* **PROVIDED DATA**

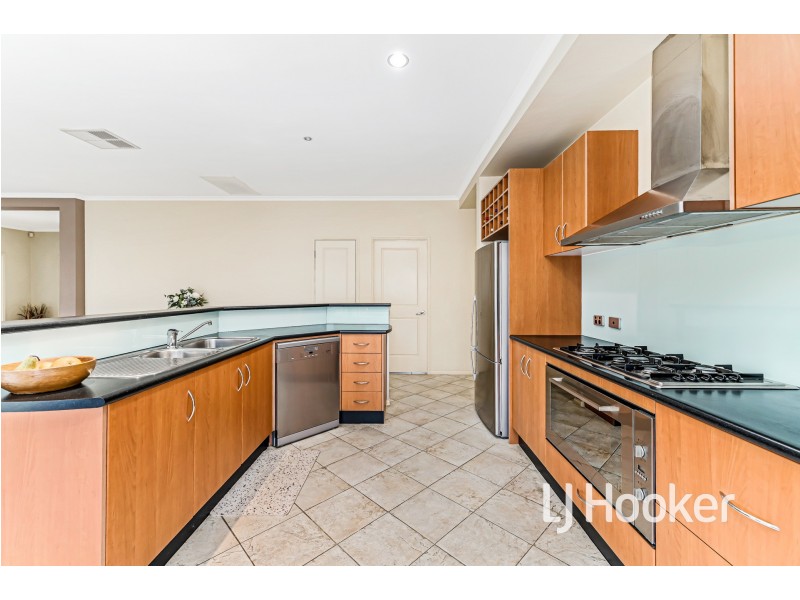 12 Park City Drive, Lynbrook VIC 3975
--
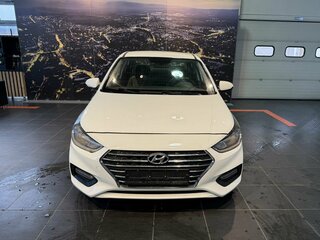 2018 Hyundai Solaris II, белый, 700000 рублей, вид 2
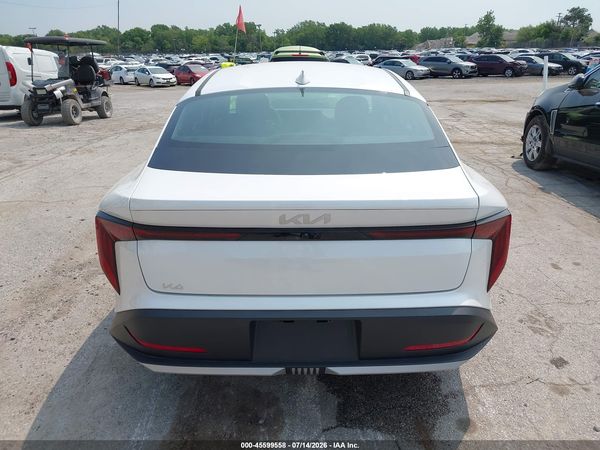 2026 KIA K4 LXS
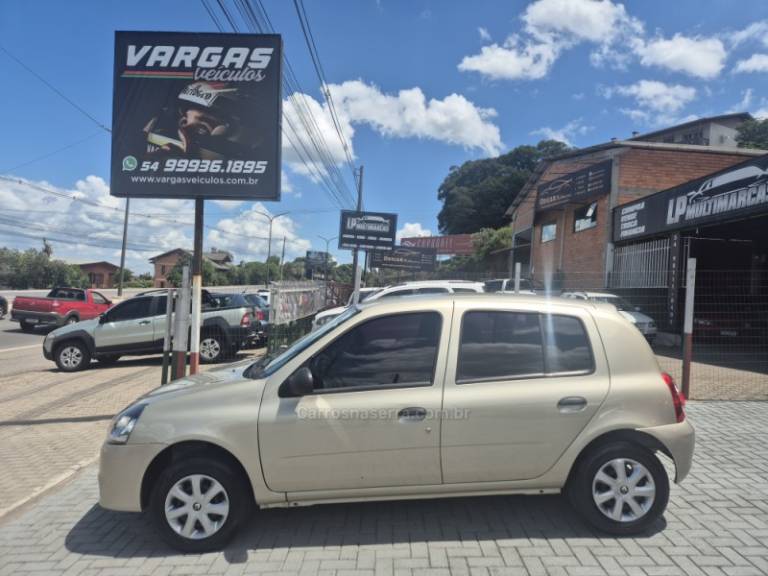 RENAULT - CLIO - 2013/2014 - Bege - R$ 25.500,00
==
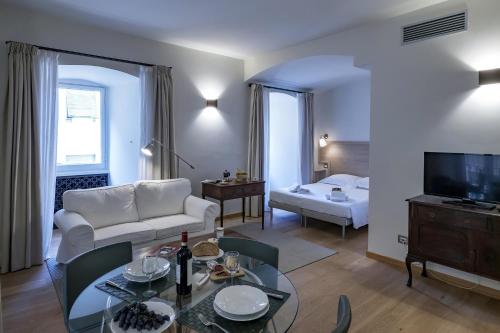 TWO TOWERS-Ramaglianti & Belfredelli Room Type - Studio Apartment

* **TASK REQUIREMENTS**
Start with the line with "2026 KIA K4 LXS" in the listing above and stop after the line with "RENAULT - CLIO". Write out exactly the lines in that stretch and no others, without pictures.

* **ANSWER FOR THIS EXERCISE**
 2026 KIA K4 LXS
 RENAULT - CLIO - 2013/2014 - Bege - R$ 25.500,00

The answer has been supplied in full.